_Your task_: Pictures stay out of the copy; output exactly the lines from the one containing "CHANEL シャネル ショルダーバッグ" through the end of the material.

##### Working data

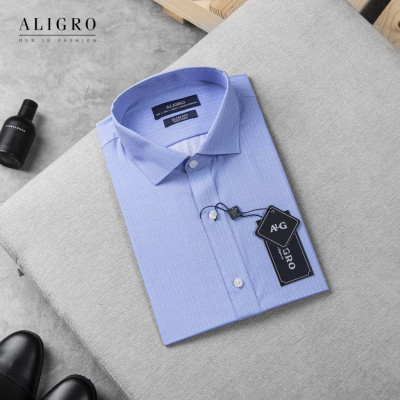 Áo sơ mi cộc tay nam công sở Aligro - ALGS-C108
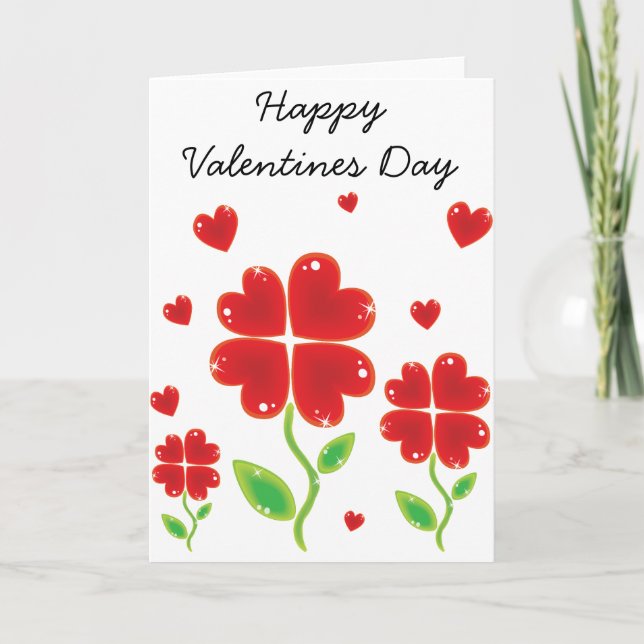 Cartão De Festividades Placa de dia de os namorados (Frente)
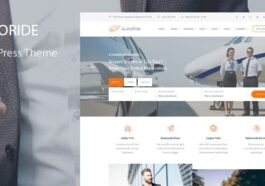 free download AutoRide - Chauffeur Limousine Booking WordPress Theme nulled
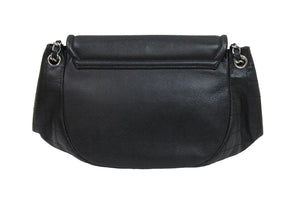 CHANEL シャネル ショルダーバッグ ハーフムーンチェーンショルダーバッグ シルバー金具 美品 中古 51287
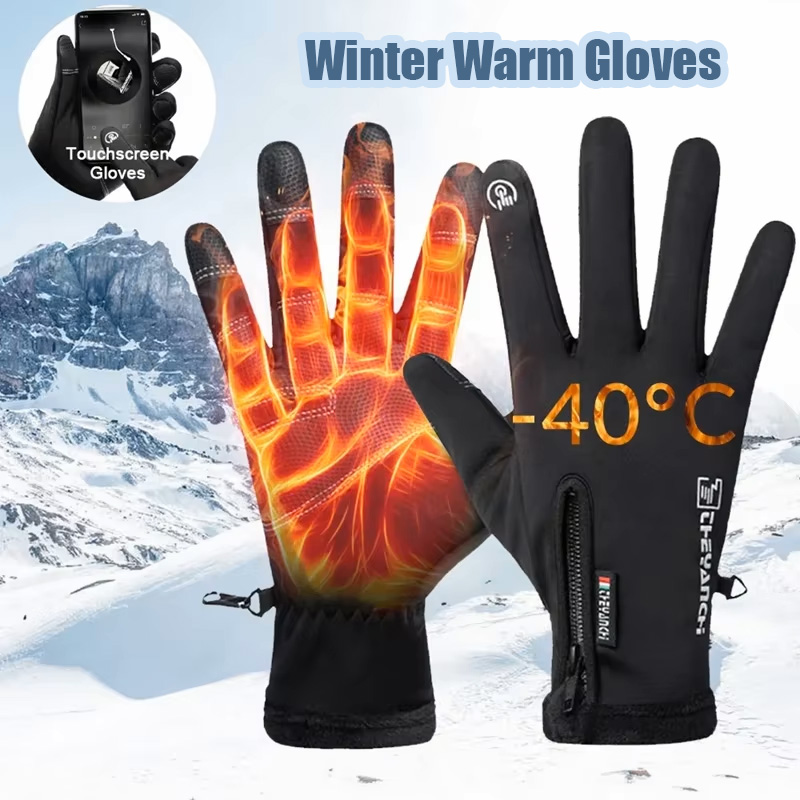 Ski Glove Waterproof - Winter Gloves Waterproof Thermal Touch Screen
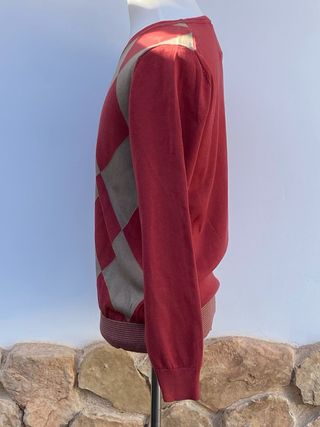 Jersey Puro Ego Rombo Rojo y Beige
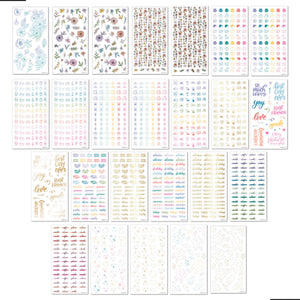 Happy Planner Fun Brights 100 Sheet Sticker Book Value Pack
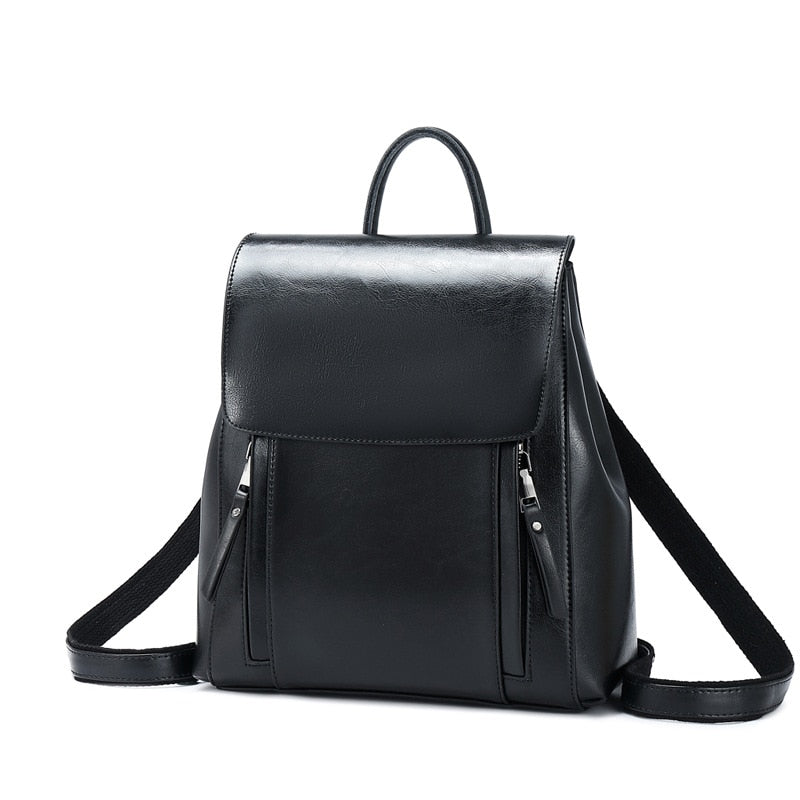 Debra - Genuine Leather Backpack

##########

_Answer to the exercise_:
 CHANEL シャネル ショルダーバッグ ハーフムーンチェーンショルダーバッグ シルバー金具 美品 中古 51287
 Ski Glove Waterproof - Winter Gloves Waterproof Thermal Touch Screen
 Jersey Puro Ego Rombo Rojo y Beige
 Happy Planner Fun Brights 100 Sheet Sticker Book Value Pack
 Debra - Genuine Leather Backpack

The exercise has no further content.